# Shrimp and Upside Down Catfish



## JGNYC (Jul 15, 2015)

Are there any shrimp species that can be in the same tank as an Upside Down Catfish? I was thinking of adding some RCS to my tank, but am unsure if they'll get eaten.


----------



## somewhatshocked (Aug 8, 2011)

Generally, if a shrimp can fit inside the mouth of a fish, it can become a meal.

Even if it's too big to be consumed in a single bite, fish can still harass and kill. I'd pick one or the other if I were you. 

That said... I've kept shrimp in tanks with larger fish and have had thriving populations. Just have to provide plenty of hiding spaces. Your mileage will likely vary.


----------



## Poemist0902 (Jul 2, 2015)

Provide plenty of hiding places and the shrimp should be fine. It's likely that if the catfish can fit an RCS in its mouth that it will, so expect the occasional loss, but keeping them both together could be possible. That said, it would be easier to keep them separate.


----------



## 35ppt (Feb 24, 2014)

IME, upside down cats are *very *carnivorous. Always hunting. And their mouth is plenty large enough to fit RCS. Sure, hiding spots may help, but it's just a matter of time before they are found.


----------



## JGNYC (Jul 15, 2015)

I think its best to avoid it then. 

What bottom dweller would go well with the shrimp?
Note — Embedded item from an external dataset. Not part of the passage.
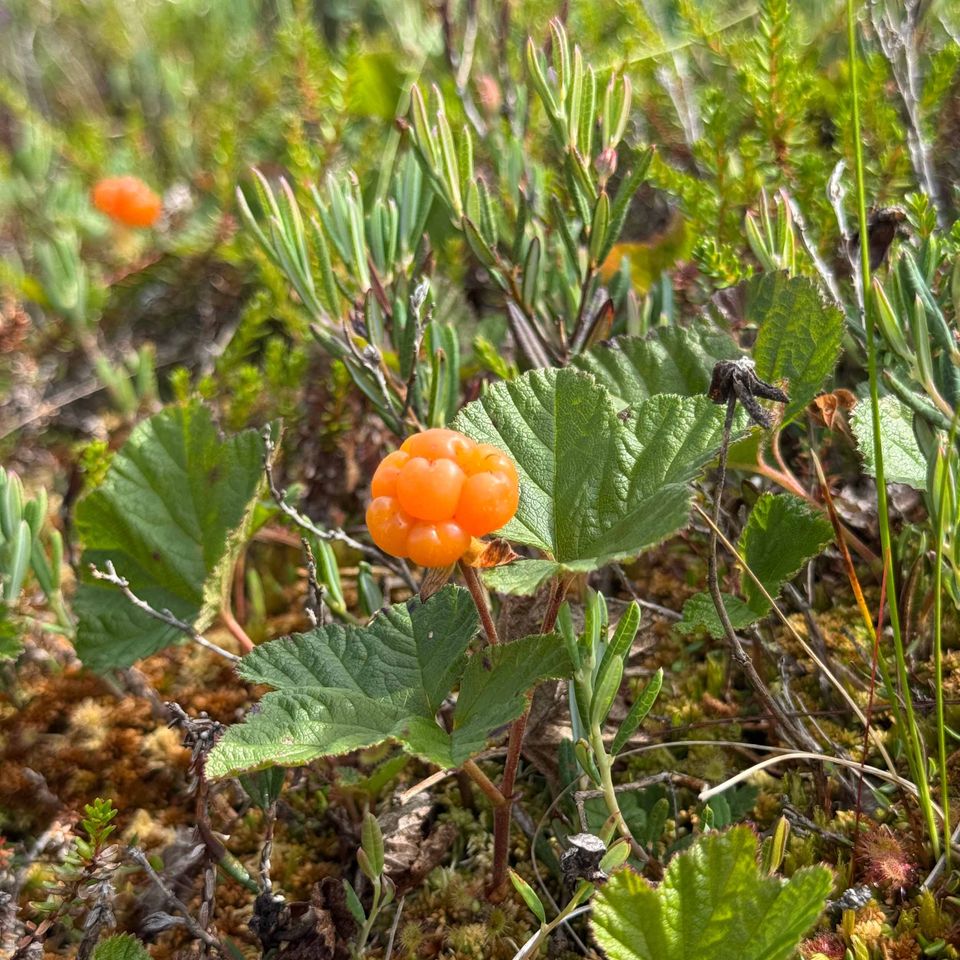 Uusi ilmainen hillakartta auttaa löytämään suon kultaiset aarteet 🧡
Cory cats?


----------



## somewhatshocked (Aug 8, 2011)

I've had tiny little Corydoras habrosus pick off shrimplets and harass larger shrimp.

How large is your tank? How long has it been running? If your tank is large enough and you think he could handle supplemental feeding, a group of 6 or so Otos may be really fun for you. Don't think they'll eat your shrimp.


----------



## Yukiharu (May 3, 2014)

Otos are the only ~100% safe fish with shrimp


----------



## Betta132 (Nov 29, 2012)

Upside-downs will snorfle the cherries right up. Amano shrimp may work, but be sure you get larger ones. 
If the tank is large, you could try a viper shrimp. They're 5" long filter-feeding shrimp, so they need a lot of flow and sometimes some additional food, but an upside-down cat shouldn't be able to eat one. The shrimp will flail its fans at the cats if bothered, and it should chase them away if they bother it.


----------



## Doppelgaenger (Jul 20, 2015)

Yukiharu said:


> Otos are the only ~100% safe fish with shrimp


+1 from my knowlege. I've kept an Oto with baby RCS and none of them vanished (that I know of)


----------



## TheFlyingBear (Jun 20, 2015)

Thought our most peaceful betta could handle being with Cherries. Nope. Otos are purely veggie eaters. I'd go with them. Not to mention they are adorable!!!


----------



## sbarbee54 (Jan 12, 2012)

Upside down catfish and shrimp means a expensive fish food you just feed your catfish


----------